• _Task objective_:
Reproduce word for word the line that contains "Rack for sale" and each line that follows it, stopping after the final line of the material.

• _Dataset records_:
[Start of section]

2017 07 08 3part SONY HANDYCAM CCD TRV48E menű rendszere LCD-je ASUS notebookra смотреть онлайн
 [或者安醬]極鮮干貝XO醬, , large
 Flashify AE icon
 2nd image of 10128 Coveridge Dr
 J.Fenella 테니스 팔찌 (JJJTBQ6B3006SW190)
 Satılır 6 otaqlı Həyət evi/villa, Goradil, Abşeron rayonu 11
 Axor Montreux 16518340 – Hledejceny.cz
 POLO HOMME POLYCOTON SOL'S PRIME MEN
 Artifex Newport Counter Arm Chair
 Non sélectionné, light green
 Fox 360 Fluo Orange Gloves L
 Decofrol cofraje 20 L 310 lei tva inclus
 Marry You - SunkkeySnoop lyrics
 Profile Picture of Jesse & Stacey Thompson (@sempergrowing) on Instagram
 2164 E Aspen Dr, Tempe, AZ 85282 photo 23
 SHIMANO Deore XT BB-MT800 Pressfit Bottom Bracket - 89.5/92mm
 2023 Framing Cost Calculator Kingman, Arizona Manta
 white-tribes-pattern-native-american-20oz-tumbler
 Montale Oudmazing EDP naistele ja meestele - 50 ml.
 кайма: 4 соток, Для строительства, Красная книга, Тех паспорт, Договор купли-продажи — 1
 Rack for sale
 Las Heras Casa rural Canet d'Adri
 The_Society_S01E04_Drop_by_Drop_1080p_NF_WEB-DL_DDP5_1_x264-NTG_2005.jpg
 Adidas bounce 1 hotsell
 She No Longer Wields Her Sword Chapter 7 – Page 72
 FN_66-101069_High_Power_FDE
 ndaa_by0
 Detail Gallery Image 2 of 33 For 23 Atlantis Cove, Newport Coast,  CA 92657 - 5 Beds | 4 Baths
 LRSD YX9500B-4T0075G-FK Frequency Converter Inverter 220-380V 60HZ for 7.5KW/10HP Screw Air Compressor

[End of section]

• _Answer space_:
 Rack for sale
 Las Heras Casa rural Canet d'Adri
 The_Society_S01E04_Drop_by_Drop_1080p_NF_WEB-DL_DDP5_1_x264-NTG_2005.jpg
 Adidas bounce 1 hotsell
 She No Longer Wields Her Sword Chapter 7 – Page 72
 FN_66-101069_High_Power_FDE
 ndaa_by0
 Detail Gallery Image 2 of 33 For 23 Atlantis Cove, Newport Coast,  CA 92657 - 5 Beds | 4 Baths
 LRSD YX9500B-4T0075G-FK Frequency Converter Inverter 220-380V 60HZ for 7.5KW/10HP Screw Air Compressor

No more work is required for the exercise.